13. Anomaly Detection
Chapter 13 of 18 · 20 min
Anomaly detection flags unusual observations that deviate from expected patterns. Local models enable private, customized anomaly detection without data leaving your infrastructure.
Z-Score Detection
Simple but effective for normally distributed data:
def zscore_anomaly(series, threshold=3):
mean = series.mean()
std = series.std()
z_scores = (series - mean) / std
return pd.Series(np.abs(z_scores) > threshold, index=series.index)
df['anomaly_zscore'] = zscore_anomaly(df['metric'], threshold=3)
anomalies_zscore = df[df['anomaly_zscore']]
IQR-Based Detection
reliable against outliers:
def iqr_anomaly(series, multiplier=1.5):
q1 = series.quantile(0.25)
q3 = series.quantile(0.75)
iqr = q3 - q1
lower = q1 - multiplier * iqr
upper = q3 + multiplier * iqr
return (series < lower) | (series > upper)

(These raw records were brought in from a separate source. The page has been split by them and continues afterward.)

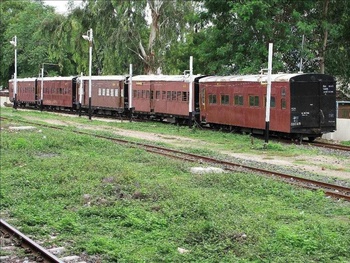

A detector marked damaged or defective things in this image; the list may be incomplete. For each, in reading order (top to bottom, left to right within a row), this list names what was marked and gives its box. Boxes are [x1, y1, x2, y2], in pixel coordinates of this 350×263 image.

rusty red railcar [8, 78, 37, 106]
rusty red railcar [37, 76, 77, 109]
rusty red railcar [77, 75, 127, 114]
rusty red railcar [132, 75, 202, 121]
rusty red railcar [198, 73, 338, 141] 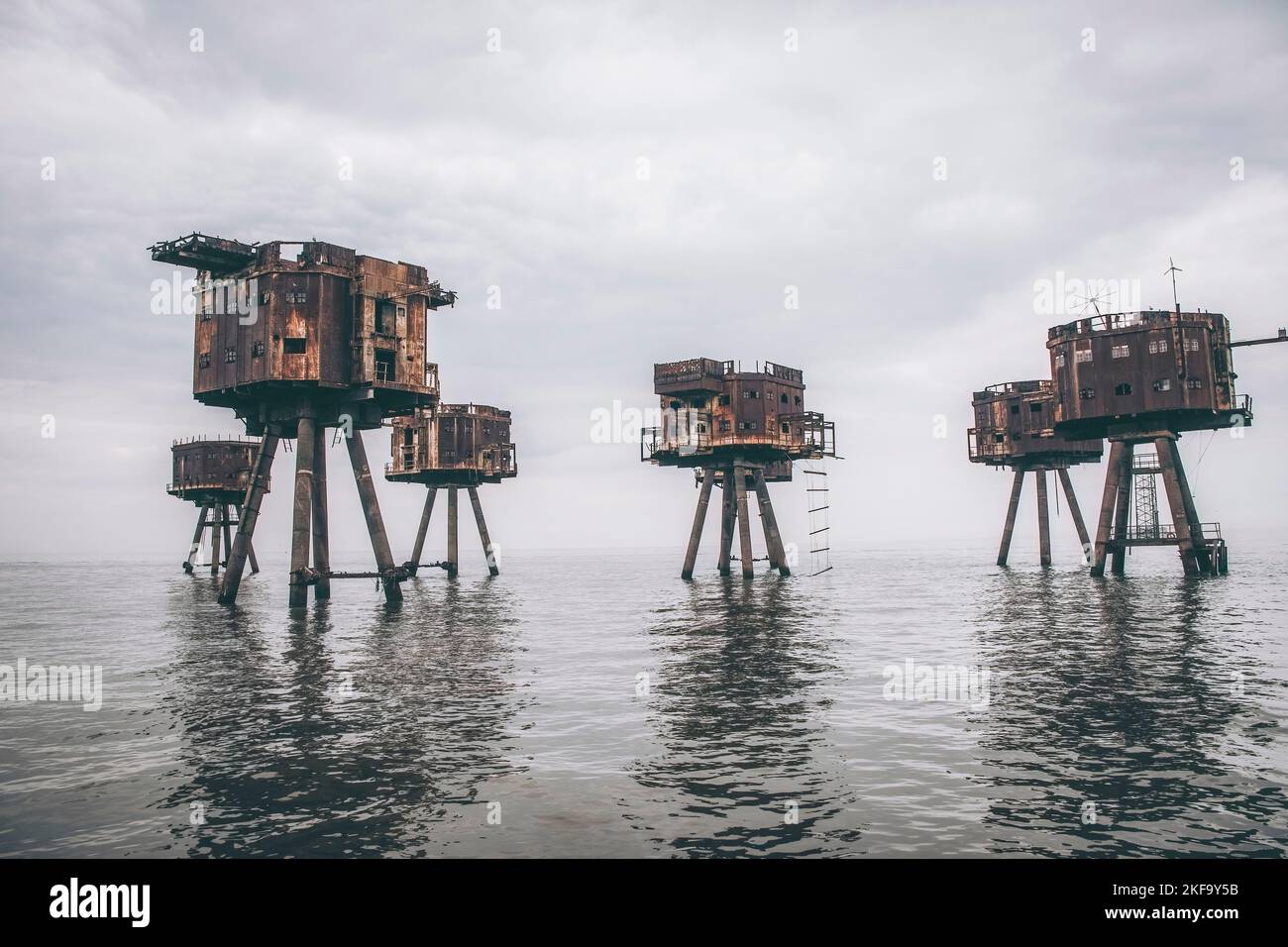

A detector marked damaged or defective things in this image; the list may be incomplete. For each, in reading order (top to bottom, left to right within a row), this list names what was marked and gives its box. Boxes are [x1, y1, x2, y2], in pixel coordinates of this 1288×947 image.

corroded steel structure [165, 436, 266, 579]
corroded steel structure [152, 236, 454, 606]
corroded steel structure [384, 402, 515, 579]
corroded steel structure [638, 355, 832, 579]
corroded steel structure [967, 380, 1102, 567]
corroded steel structure [1046, 311, 1276, 579] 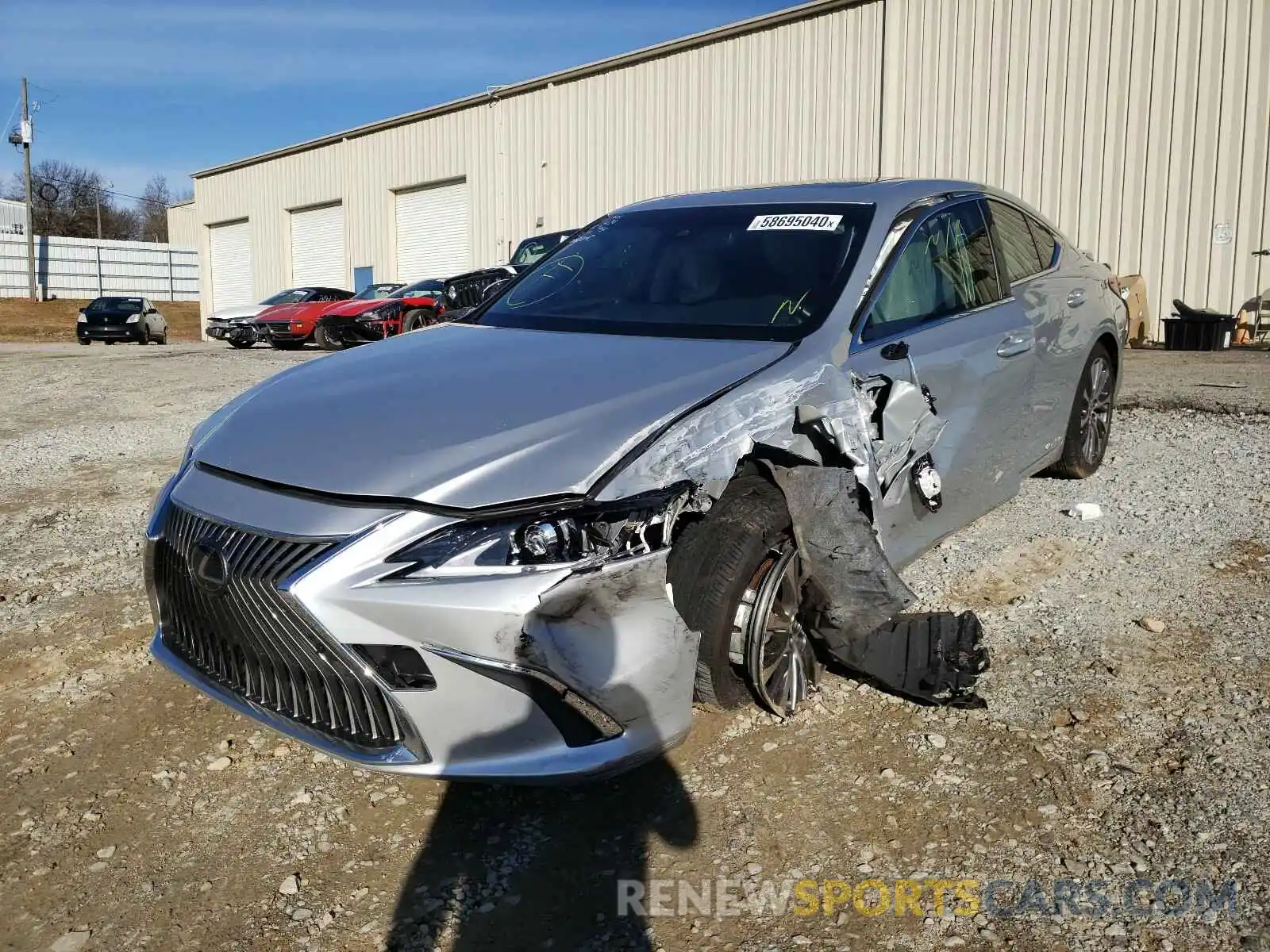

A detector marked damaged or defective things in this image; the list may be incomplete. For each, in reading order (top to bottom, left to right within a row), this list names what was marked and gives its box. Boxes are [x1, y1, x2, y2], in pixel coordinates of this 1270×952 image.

red damaged car [256, 289, 357, 351]
red damaged car [313, 279, 448, 349]
cracked headlight [384, 489, 689, 578]
crushed fender [759, 460, 984, 708] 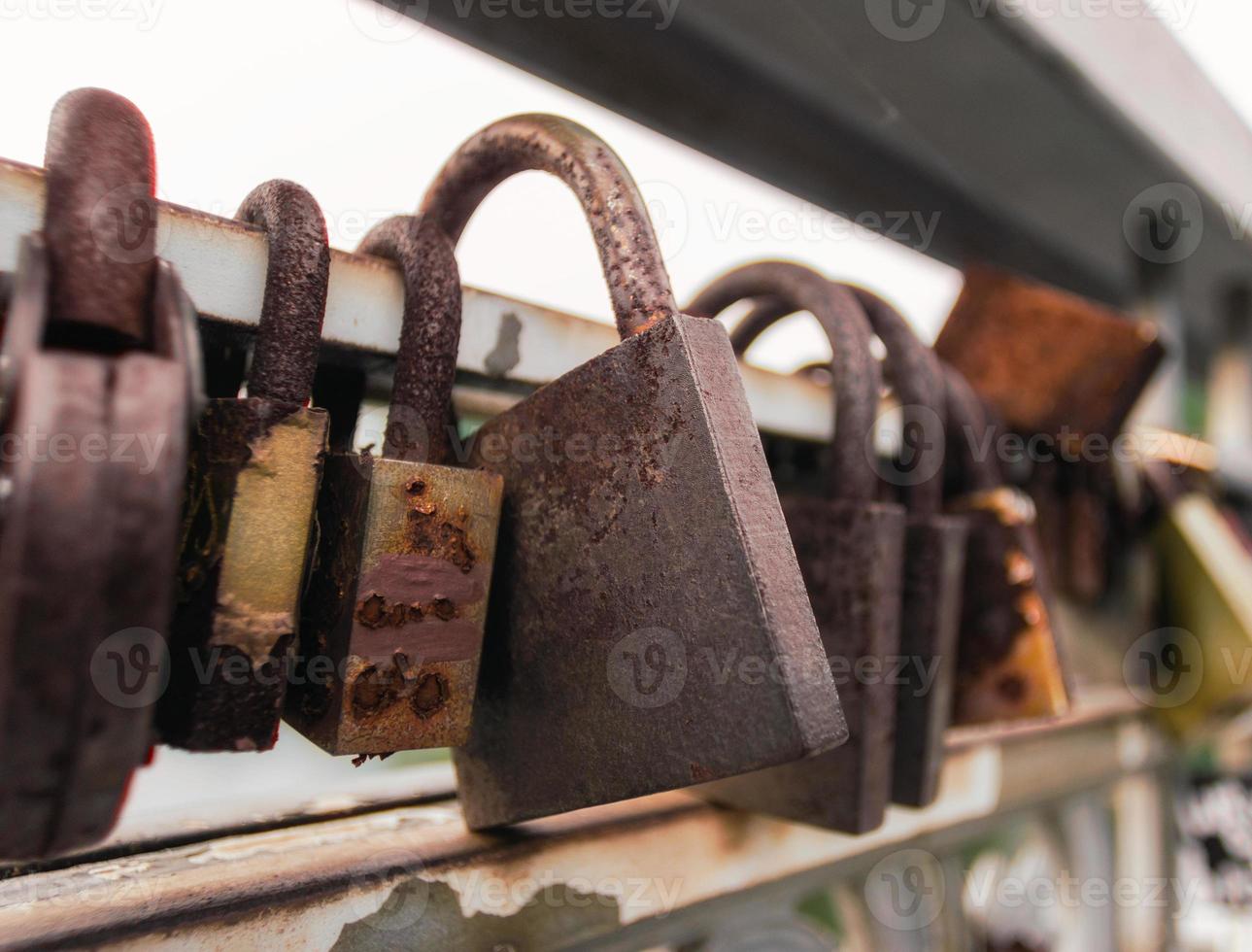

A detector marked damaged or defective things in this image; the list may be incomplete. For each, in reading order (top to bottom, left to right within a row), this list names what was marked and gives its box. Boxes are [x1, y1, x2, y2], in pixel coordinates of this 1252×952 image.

rusted metal surface [0, 90, 191, 862]
large rusty padlock [0, 88, 195, 857]
rusty padlock [0, 88, 196, 857]
rusted metal surface [42, 87, 156, 345]
rusted metal surface [159, 181, 327, 756]
rusty padlock [158, 181, 330, 756]
large rusty padlock [162, 181, 338, 756]
rusty padlock [284, 214, 503, 756]
rusted metal surface [287, 218, 500, 756]
large rusty padlock [287, 214, 505, 756]
rusted metal surface [418, 113, 676, 340]
rusty padlock [418, 115, 841, 832]
large rusty padlock [421, 117, 841, 832]
rusted metal surface [430, 124, 841, 827]
rusty padlock [686, 260, 911, 832]
rusted metal surface [691, 260, 906, 832]
large rusty padlock [691, 261, 906, 832]
rusted metal surface [841, 284, 966, 811]
rusty padlock [941, 362, 1071, 721]
large rusty padlock [941, 362, 1071, 721]
rusted metal surface [941, 362, 1071, 721]
rusted metal surface [931, 264, 1162, 443] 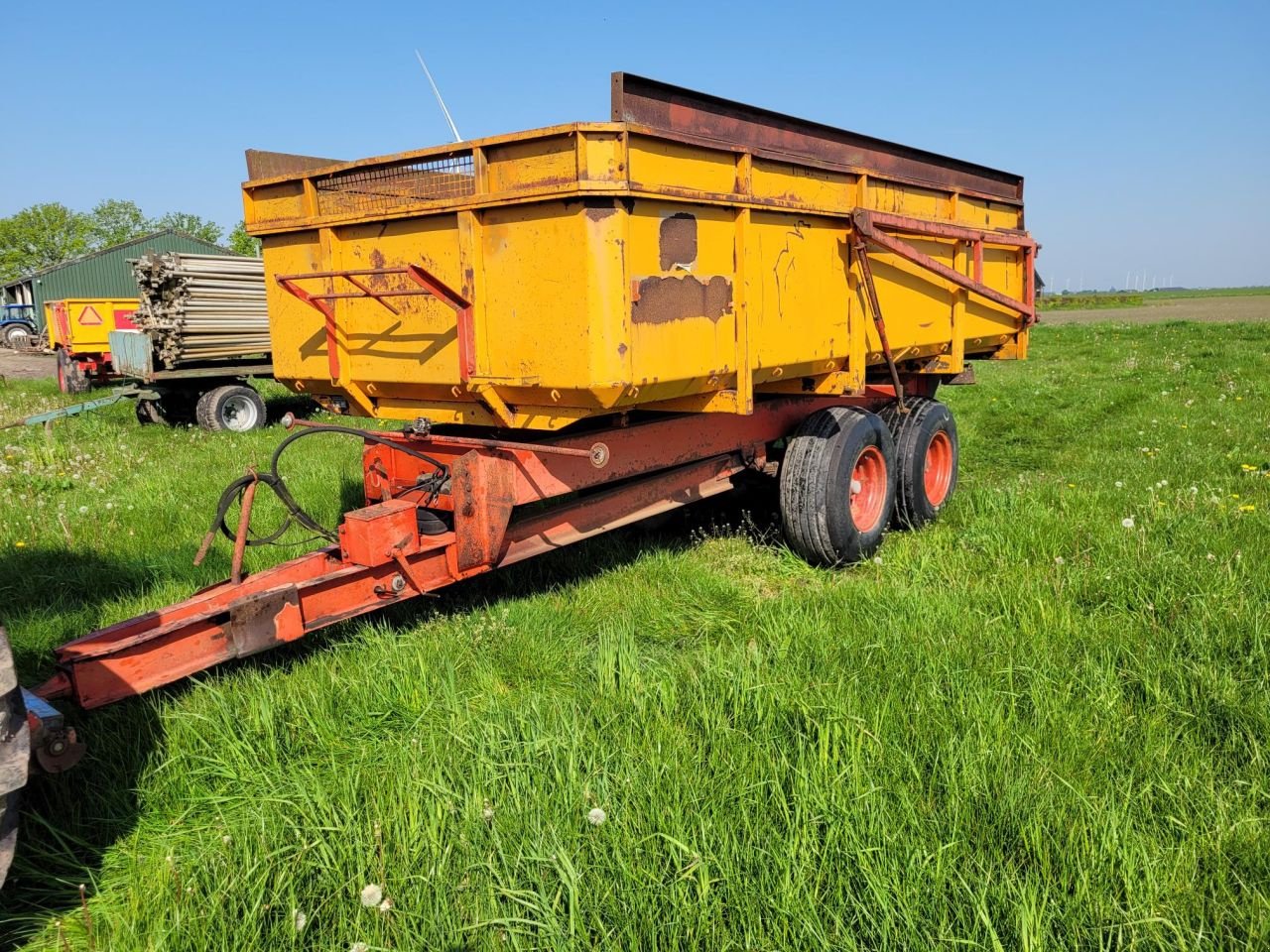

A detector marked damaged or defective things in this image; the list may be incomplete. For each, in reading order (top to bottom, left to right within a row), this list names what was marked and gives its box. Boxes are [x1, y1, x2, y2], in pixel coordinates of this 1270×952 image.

rusty yellow trailer body [242, 75, 1036, 431]
rusted metal patch [660, 209, 700, 266]
rust streak on metal [629, 275, 731, 324]
rusted metal patch [629, 274, 731, 327]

df['anomaly_iqr'] = iqr_anomaly(df['metric'])
Isolation Forest with Local Model
Isolation Forest excels at multivariate anomalies:
from sklearn.ensemble import IsolationForest
from sklearn.preprocessing import StandardScaler
# Prepare features
features = df[['metric1', 'metric2', 'metric3']].dropna()
scaler = StandardScaler()
scaled_features = scaler.fit_transform(features)
# Train isolation forest
iso_forest = IsolationForest(contamination=0.01, random_state=42, n_estimators=100)
df['anomaly_iforest'] = iso_forest.fit_predict(scaled_features)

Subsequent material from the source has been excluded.